When it comes to story in Video Games, John Carmack of Doom fame once said “It’s expected to be there, but it’s not that important”, which holds true in PONG Quest. A story is here, but it’s not substantial enough to be important. The story is purely meant to give a reason to clear the dungeons within the castle of King Pong.
According to King Pong, the appearance of “The Spooky Door” has caused the subjects of the kingdom to become defiant. Usually, King Pong would just send you straight to The Spooky Door to figure out why this is happening but the four orbs to open the door have disappeared. You are tasked with retrieving the four orbs instead of Sir Pongsalot (Derek) because that’s what young adventurers do. However, as soon as you talk with the people that roam the castle walls, including Derek, you may notice that they think the King has gone crazy. It is up to you to find out if The Spooky Door truly makes the subjects defiant, or if the king has gone crazy and the people are just revolting against his shenanigans.
The writing is supposed to be witty banter and not to be taken seriously at all. However, I feel that it did not do enough to elevate the story above average. Characters feel, in my opinion, very one dimensional.
Graphics / Art Direction
The graphics are very stylistically simple. Basically everything is either a square, a rectangle, or a tilted rectangle/square with very minor exceptions like coins. This is, however, not a bad thing. All the colors are vibrant and everything is easily recognizable. This was obviously done to be reminiscent of the original game from all those years ago.

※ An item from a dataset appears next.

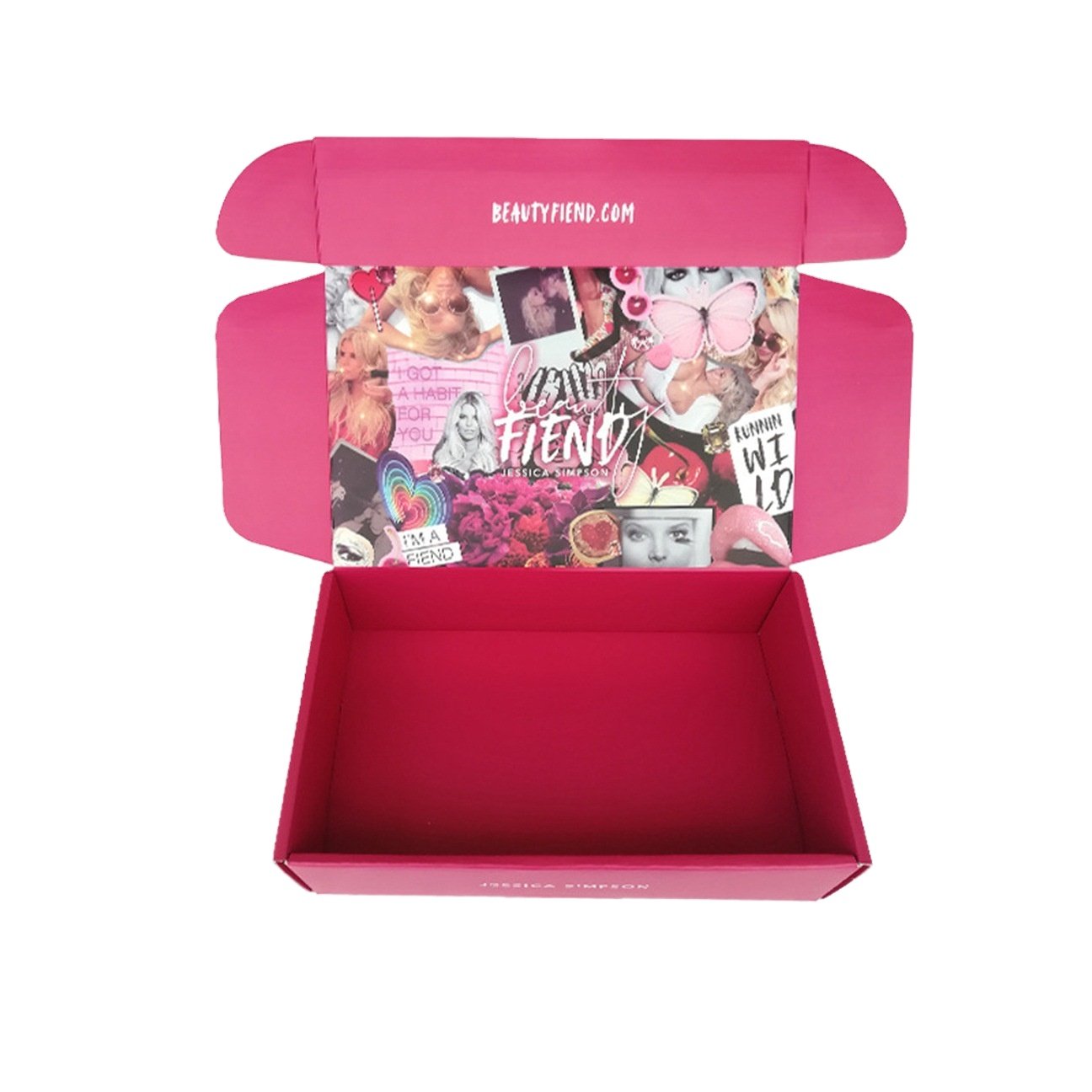 Customized recyclable pink color printing garment packaging corrugated carton shipping box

Everything in this game is paper-thin 2D, which would not look out of place on a smartphone, or even certain flash games. However, due to this, a lot of different stuff can be portrayed by making very little changes. These changes include your own paddle, which is fully customizable with basically any outfit you can see enemies wear in the game. If you wear the right combination of items, you might even see a familiar outfit or two.

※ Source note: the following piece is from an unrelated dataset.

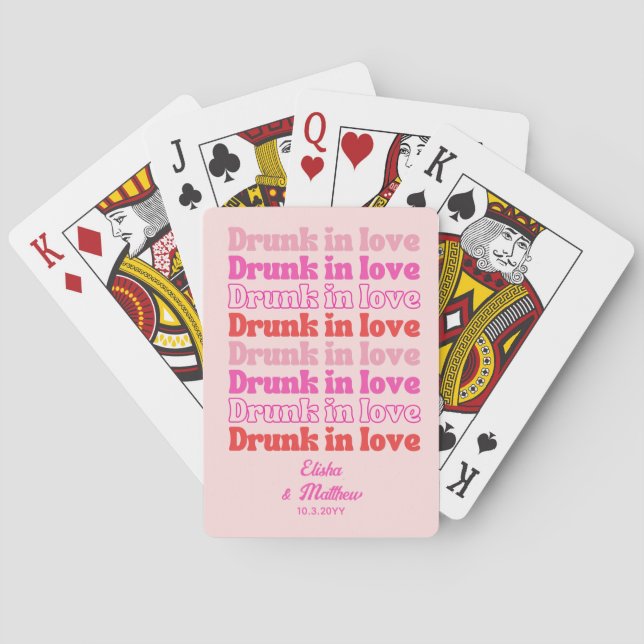 Retro Pink Drunk in Love Wedding Poker Cards (Back)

While Pong: The Next Level has proven that the franchise can work with fancier, 3D graphics, I personally appreciate the simplistic art style used here. Why turn a rectangle into a cuboid, if the rectangle is more efficient? I don’t think the game would be as diverse and have as many customization options if a 3D aesthetic was used instead.
Music / Sound Design
Just like the graphics, the music is very vibrant and upbeat. The title theme makes sure to incorporate the original beeps and boops of the original classic, which is something I can always appreciate. The music inside the castle feels appropriately regal, and thematically appropriate music is heard throughout the entire game. Each dungeon, obviously, has its own unique theme, all of which give off a dungeon crawling vibe.

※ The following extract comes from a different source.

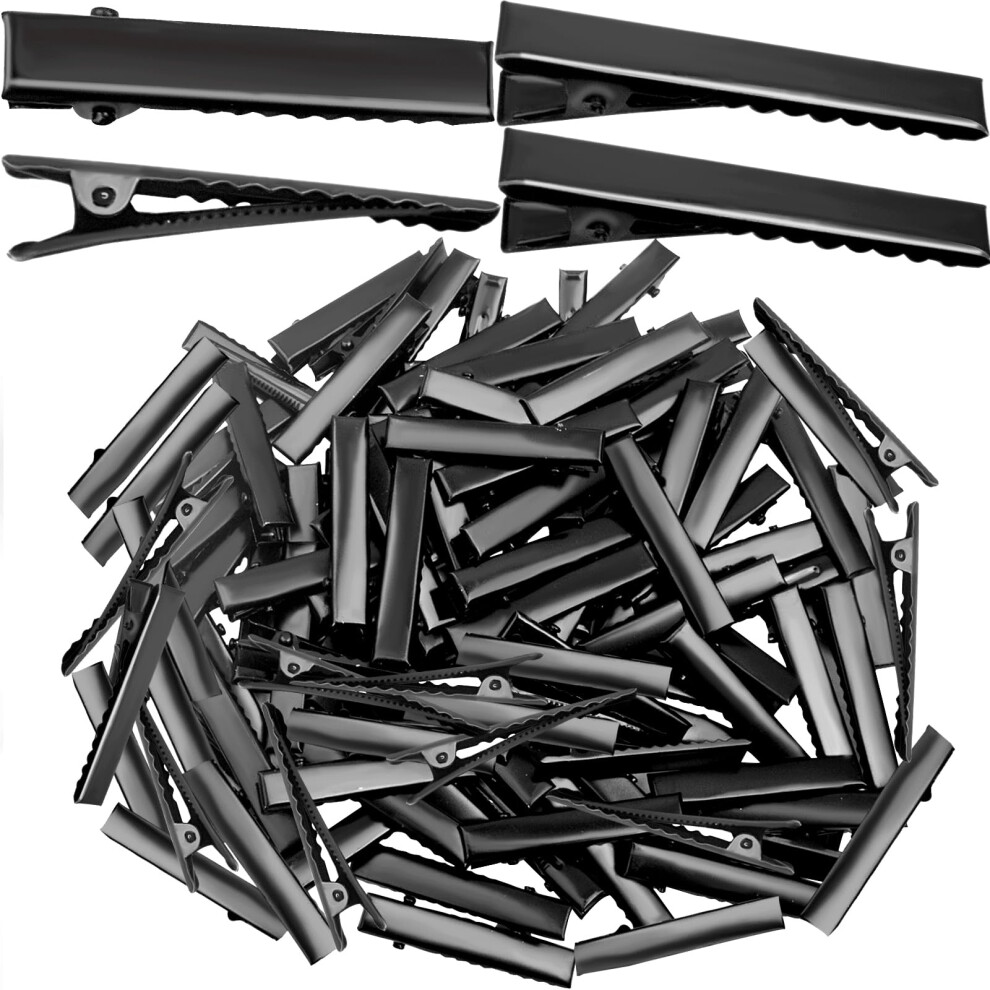 100pcs 40mm Alligator Hair Clips with Teeth Silver Flat Metal for DIY Hair Accessories and Styling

However, an issue I have with the game’s music is a problem that any game with random encounters can run into. There is NO variation in battle music in any of the dungeons, with the exceptions of boss battles. Seeing as battles increase both in length and number, you should be prepared to hear the same song over and over again. Sometimes, rooms can have 4+ battles before you can move on, and you’ll hear the same battle theme again and again.
Final Score: 70%
PONG Quest was designed with gameplay first and everything else later. I have a lot of nostalgia for the original game from the 70s and will even still play that in short bursts. That is exactly the same sentiment I share with this game; something to be played in short bursts. Despite the catchy music, the simplistic yet effective graphics, and all the other additions that I enjoy, the core game-play is still Pong. If you aren’t a fan of that, the additions in this game will not win you over.